Mother’s Day is different for grieving mothers. It is weighty and difficult and confusing. No matter how long it has been since she experienced the loss of her baby, Mother’s Day will be a hard day.
She’s not quite sure where she fits on this day because she carried a baby in her body, but her arms are empty and her heart is aching. The qualifier for Mother’s Day seems obvious, the woman who has a child, and yet, it feels so confusing to the mother who has a child, just not here on earth.
It might seem easy to stay silent around Mother’s Day because you aren’t sure how to help, but it’s more important than ever to reach out and offer support. Being a good friend to someone grieving is not unlike being a good friend, in general. It involves listening and trying your best to understand her thoughts and worries. It means going a bit out of your way a bit to help bring about healing and restoration.
Taking a few minutes or hours out of your special day will remind her that she’s loved, she’s valued, she’s seen, and most of all, that she is a mother.
Here are a few easy things you can do to help a grieving mother on Mother’s Day.
1. Acknowledge She Is a Mother
Give her a call and tell her over the phone. Or just show up on her doorstep. Look her in the eyes and say “Happy Mother’s Day. I know this day is so incredibly hard. I want you to know that you are still a mother. I’m so proud of you. And I’m so grateful for you.”
2. Send a Card
It can be a simple, “I know this day hurts, but I love you and am thinking about you” card or a handwritten letter about how much she means to you and how your heart breaks watching her grieve. The gesture will show she is not forgotten and will bring so much comfort to her aching heart.
3. Send Flowers
Flowers may seem simple and obvious. But she will most likely feel left out and un-acknowledged on Mother’s Day. Giving her the gift that most mothers receive is a thoughtful way to remind her that you are supporting her as a mother.
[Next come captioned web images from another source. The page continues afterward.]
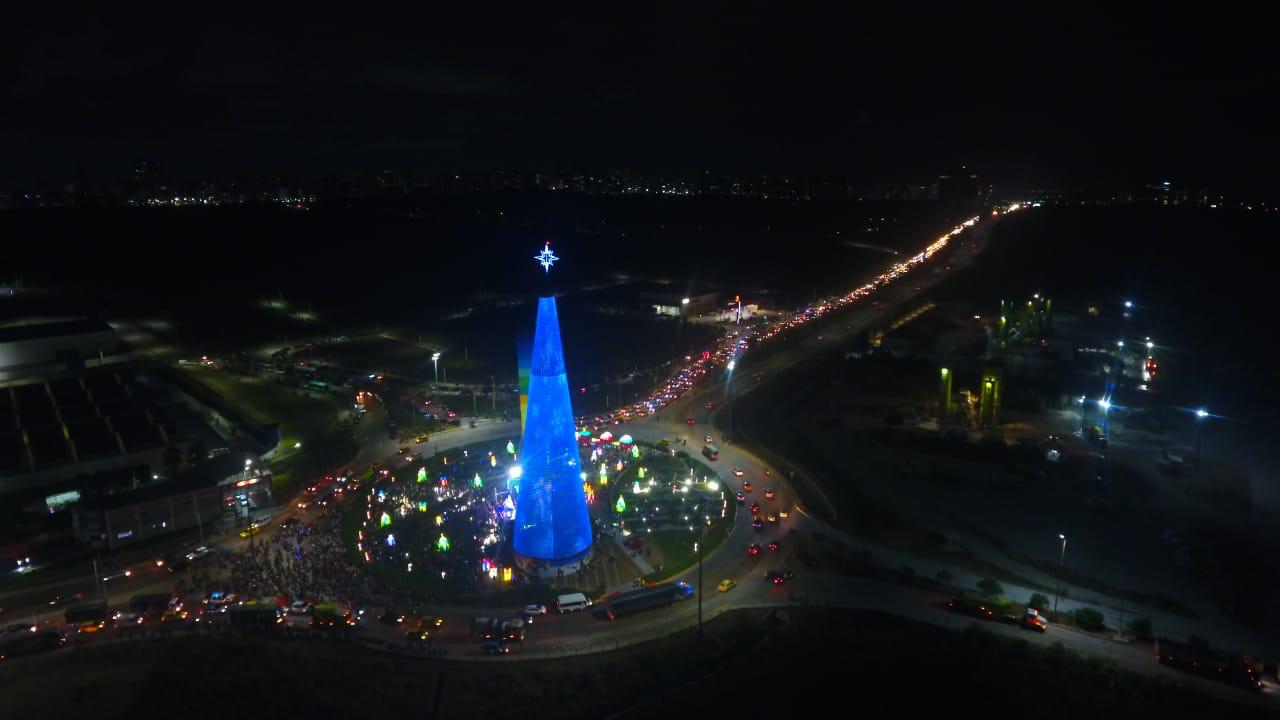 El gigantesco árbol de Navidad iluminado en el sector.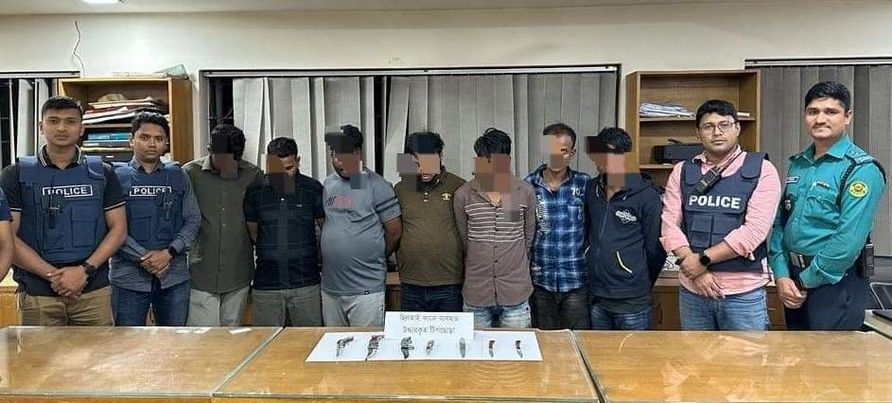সিএমপি কোতোয়ালী থানার অভিযানে ডাকাতির প্রস্তুতিকালে বাস ডাকাত দলের কুখ্যাত চাকমা রুবেল গ্রুপের প্রধান চাকমা রুবেলসহ ০৭ সদস্য গ্রেপ্তার এবং ০৭টি টীপছোরা উদ্ধার।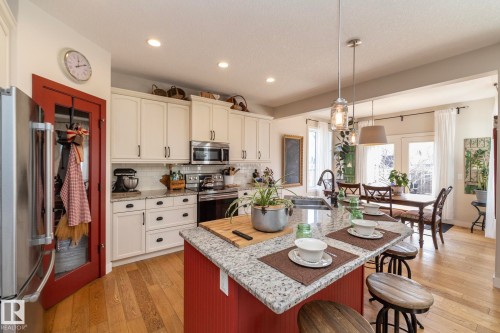 5315 17 Avenue, Edmonton, AB - Indoor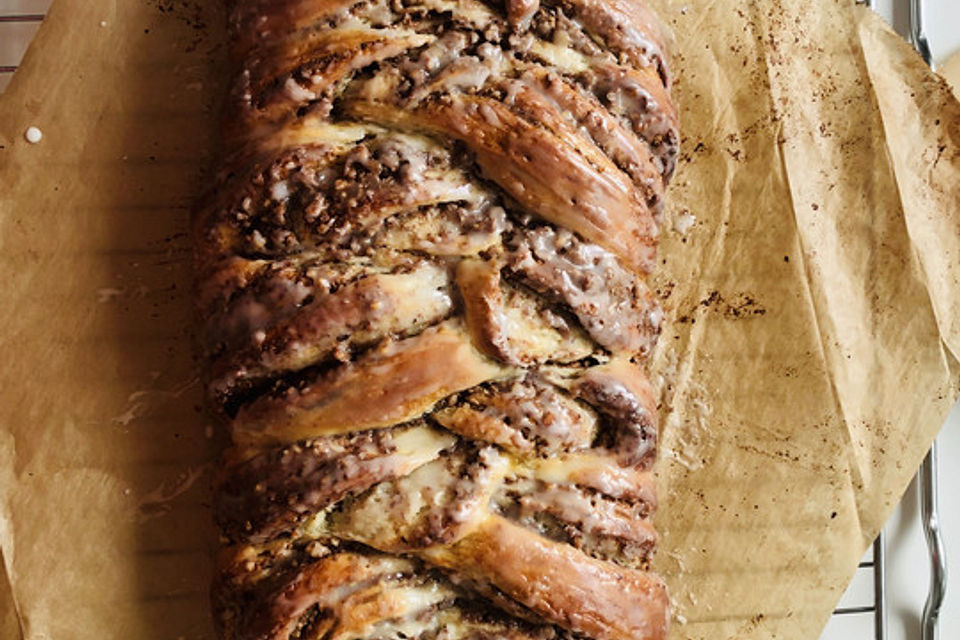 Nussfülle für Nusszöpfe, Nussstollen  oder Nussschnecken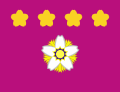 多数の「桜」が配置された統合幕僚長旗（自衛隊の旗）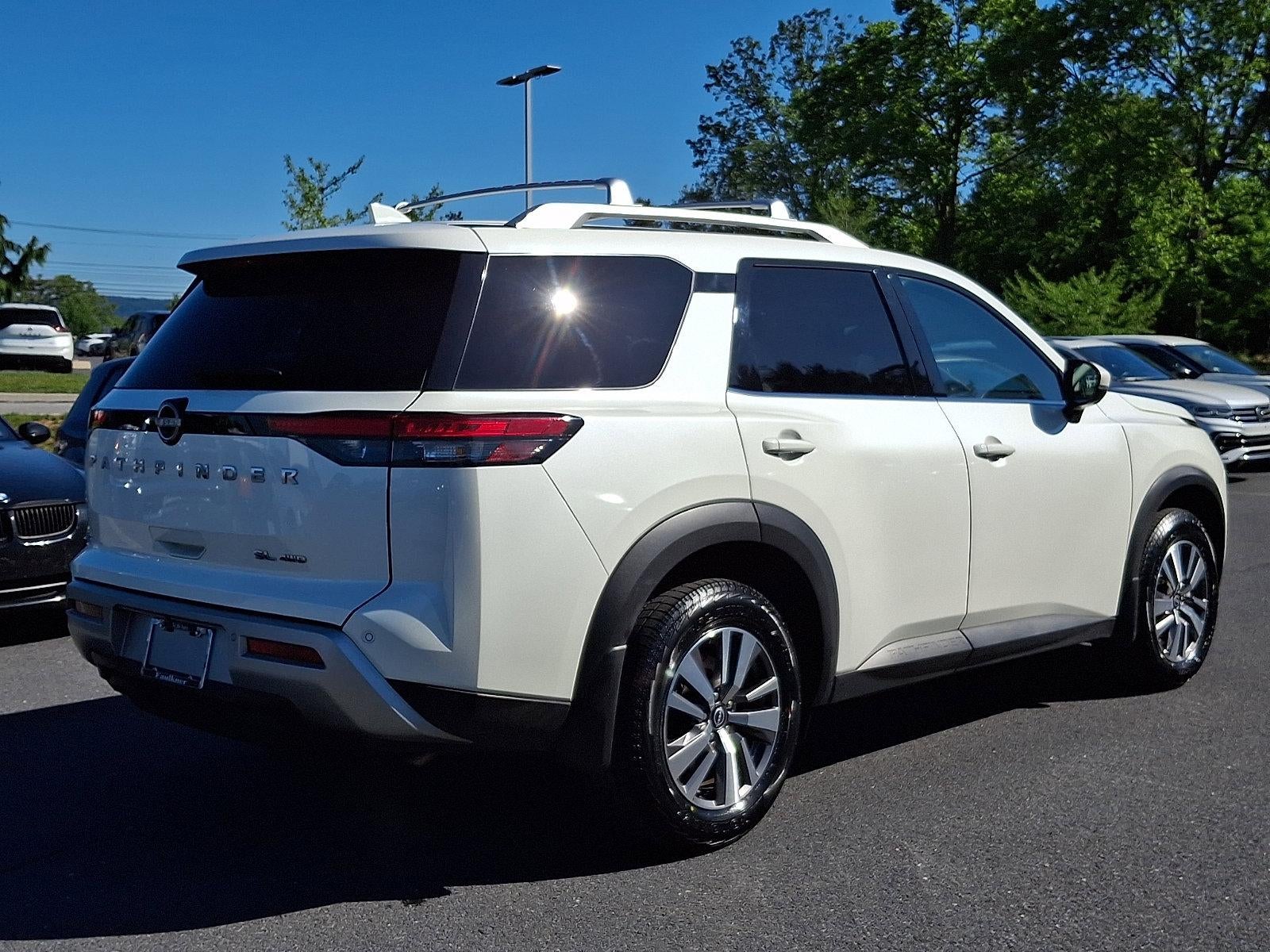 2022 Nissan Pathfinder SL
4. Treat Her to Her Favorite Breakfast
Many families plan a brunch on Mother’s Day, so why shouldn’t she? Drop off her favorite breakfast and cheers a mimosa to how strong she is and how proud you are of her. If you’re not nearby, order her favorite brunch delivery and let her enjoy it from the comfort of her home.
5. Ask How She’s Doing
Just talk to her. One of the best gifts you can give to a grieving mother is the opportunity to talk about how she is doing. Ask her how she is feeling and listen when she tells you. Remind her that you know this must be hard for her and you care and want to help. Starting this conversation may feel awkward and uncomfortable, but knowing you are thinking about her around this difficult day will be incredibly meaningful.
Remember, being a friend to someone grieving is hard because those who are grieving often don’t know how to put their feelings into words. Even if your gesture doesn’t go over as planned or you do not get the response you would expect, know that it still mattered to her. Just don’t give up on her. Navigating grief is hard and messy and unpredictable, but her grief will get easier to navigate and on the other side, your friendship will be stronger than you could have imagined.